Saturday, August 13, 2011

Port 8118 Proxies in the UAE

Besides all that proxy action going down in China, there have also been numerous flash mobs of port 8118 proxies lately in Muslim countries, especially the United Arab Emirates. But don't go rushing off to the List to find any. At the moment there's only one live port 8118 proxy in there.

Here is the breakdown by country. You can see the UAE (listed as AE below) is responsible for half of the total count.

They show up in groups and then they're gone, but if you can catch one on the first or second page, chances are it's alive.
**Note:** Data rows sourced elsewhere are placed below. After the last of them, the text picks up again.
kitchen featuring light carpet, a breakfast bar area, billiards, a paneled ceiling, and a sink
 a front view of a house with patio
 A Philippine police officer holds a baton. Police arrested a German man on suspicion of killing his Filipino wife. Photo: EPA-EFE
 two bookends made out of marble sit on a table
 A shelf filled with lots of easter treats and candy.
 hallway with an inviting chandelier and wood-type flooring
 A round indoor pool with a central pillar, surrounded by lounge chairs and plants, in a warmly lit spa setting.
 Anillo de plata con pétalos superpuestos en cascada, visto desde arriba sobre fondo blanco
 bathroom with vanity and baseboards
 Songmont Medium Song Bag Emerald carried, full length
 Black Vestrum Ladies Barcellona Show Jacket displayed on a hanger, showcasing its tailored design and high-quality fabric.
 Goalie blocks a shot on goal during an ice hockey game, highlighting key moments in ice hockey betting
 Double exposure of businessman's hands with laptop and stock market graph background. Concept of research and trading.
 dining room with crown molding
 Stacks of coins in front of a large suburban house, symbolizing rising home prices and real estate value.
8118 is well-known as the default port for Privoxy. In my experience, it's barely in the top twenty-five ports. As a matter of fact, it was #25 last time I checked. And when I checked, there were less than 8,000 total in the database.

Of those, about 2800 were in the UAE. 96% were listed this year. Of that number, 99.7% (2675) were listed since June first, which definitely qualifies as a flash mob.

Here is the breakdown by city...

It is definitely following the population of the UAE, but then these data always do.

My gut feeling is this is a symptom of the "Arab Spring", although the UAE has seen little civil unrest on that front. Perhaps they're opening their ports for their neighbors.

Or maybe they're just downloading porn protecting their privacy with Bit Torrent, since Privoxy seems to be a common Bit Torrent helper program.

Whatever the reason, they are there (when they're there), they're fast, and they're High Anon. If you find one, you might get an hour out of it.


  1. Anonymous10:44 AM

    The answer to this one may be ....
    222.186.25.* ( 2,3,4, 151, 54 )
    Beijing, China
    (Yesup / Clicksor network)

    lzjl have been running malvertising against 8118 (privoxy) with referer spoofing redirecting to php exploit scripts.

    Traffic randomized to hit some time every 90 seconds or so.

    Where privoxy is misconfigured as an open proxy server the attacker is also using SolarWinds LANsurveyor to map the underlying network post exploit.

    Assumption: the attacker is reselling the proxies on proxy lists or dumping them to obfuscate their own attacks.

    example traffic to 8118:

    GET HTTP/1.0 Accept: */* Referer: Accept-Language: fr-ca User-Agent: Mozilla/4.0 (compatible; MSIE 8.0; Windows NT 6.1; Win64; x64; Trident/4.0; .NET CLR 2.0.50727; SLCC2; .NET CLR 3.5.30729; .NET CLR 3.0.30729; Media Center PC 6.0; Zune 4.0) Host: Connection: Keep-Alive

    GET HTTP/1.0 Accept: */* Referer: Accept-Language: fr-ca User-Agent: Mozilla/4.0 (compatible; MSIE 8.0; Windows NT 5.1; Trident/4.0; .NET CLR 2.0.50727; .NET CLR 3.0.04506.30; .NET CLR 1.1.4322) Host: Connection: Keep-Alive

  2. Well, thanks for sharing, but the (admittedly limited) testing I've done specifically on these port 8118 UAE proxies generally have our old friend "Mikrotik HttpProxy" in the Via header. Of course, that could be just a forgery, but it's pretty consistent.